Also like a number of other U.S. museums, SFMOMA faced criticism for its leaders’ responses to the police killing of George Floyd and the ongoing Black Lives Matter movement. In June, a group of former SFMOMA employees released a letter condemning the “racist censorship” of Taylor Brandon, a Black staff member in the museum’s communications department whose comment critiquing the museum’s Instagram post of a Glenn Ligon work was deleted. Benezra subsequently apologized for the deletion of Brandon’s comment.
Then, in July, Garrels resigned. He later apologized for his comments, saying in an email to staff, “I realized almost as soon as I used the term ‘reverse discrimination’ that this is an offensive term and was an extremely poor choice of words on my part.”
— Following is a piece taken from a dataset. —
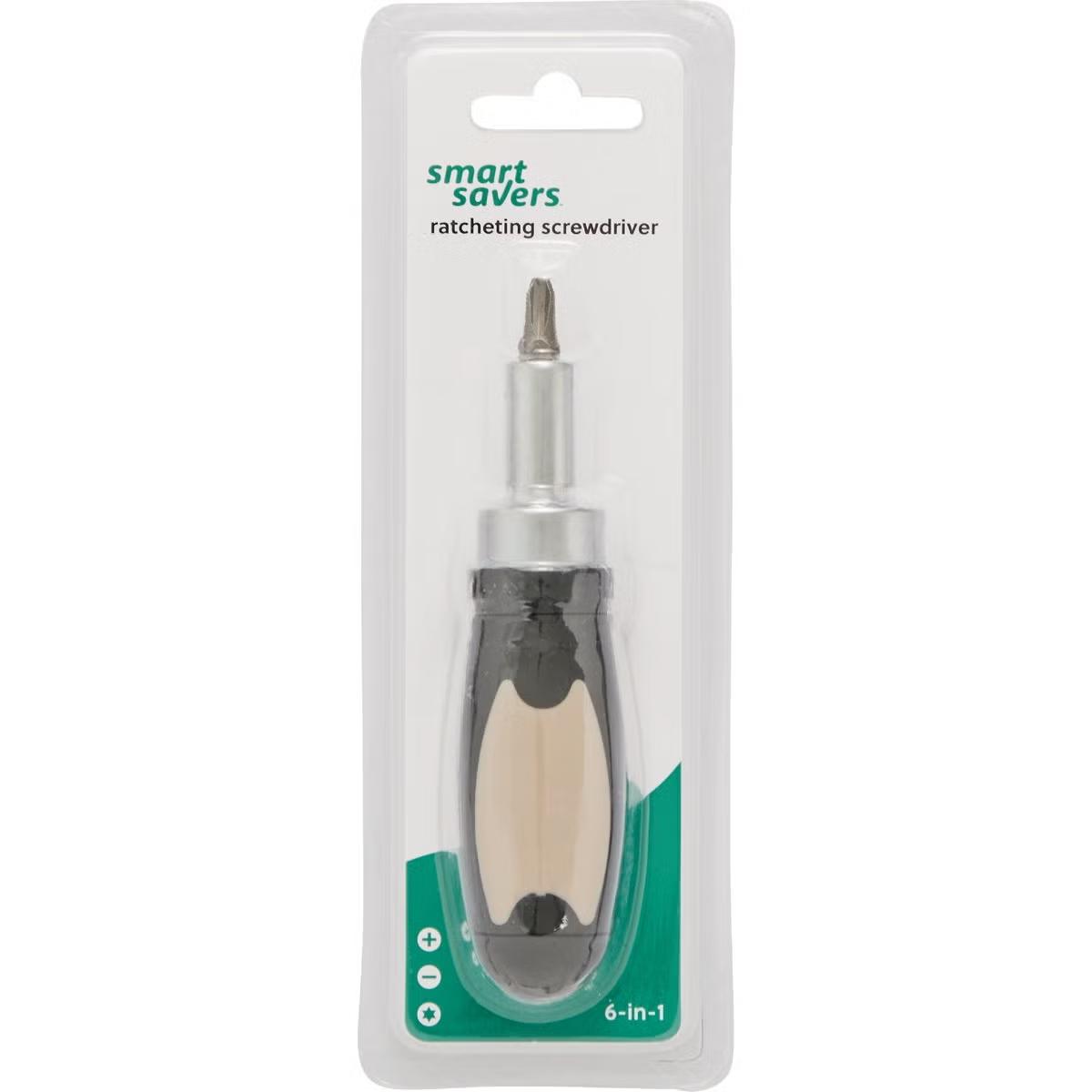 154192 4.3 in. Smart Savers 6-In-1 Ratcheting Screwdriver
Even before this year, however, SFMOMA had been the subject of scrutiny. Over the past decade, critics of the museum have decried the museum’s presentation of a 1,000-work collection loaned by Gap founder Donald Fisher and his wife Doris, who sits on the SFMOMA board. In a San Francisco Chronicle article, Charles Desmarais reported that, in 2009, the Fishers and Benezra had struck a deal that included stipulations about how and when the collection was to be shown. Desmarais’s article decried the lack of transparency SFMOMA had provided about its presentation of the Fisher collection.
Benezra also drew controversy in 2019, when the museum sold a Mark Rothko painting at Sotheby’s. The goal, Benezra said, was to “broadly diversify SFMOMA’s collection,” and it followed a similar move made by the Baltimore Museum of Art. With the $50.1 million brought in, the museum bought works by Frank Bowling, Alma Thomas, Mickalene Thomas, and others. Christopher Knight, a Los Angeles Times critic who has frequently spoken out against the practice known as deaccessioning, said of the sale, “Dumping a major Rothko because you have others abandons the museum-virtue of collecting an artist in depth.”
Benezra’s greatest legacy at SFMOMA may be its Snøhetta-designed expansion and renovation, which opened in 2016 and cost $305 million. The museum’s rehang drew praise from critics, and the building was touted by many, with Andrew Russeth calling it “magnificent” in his ARTnews review.
“Now it is time to plan for succession and our search committee will begin a values-driven, comprehensive search for a new leader,” Robert Fisher, the chair of SFMOMA’s board, said in a statement. “The next director will take SFMOMA into the future and continue to affirm our role in making the art of our time matter to our communities.”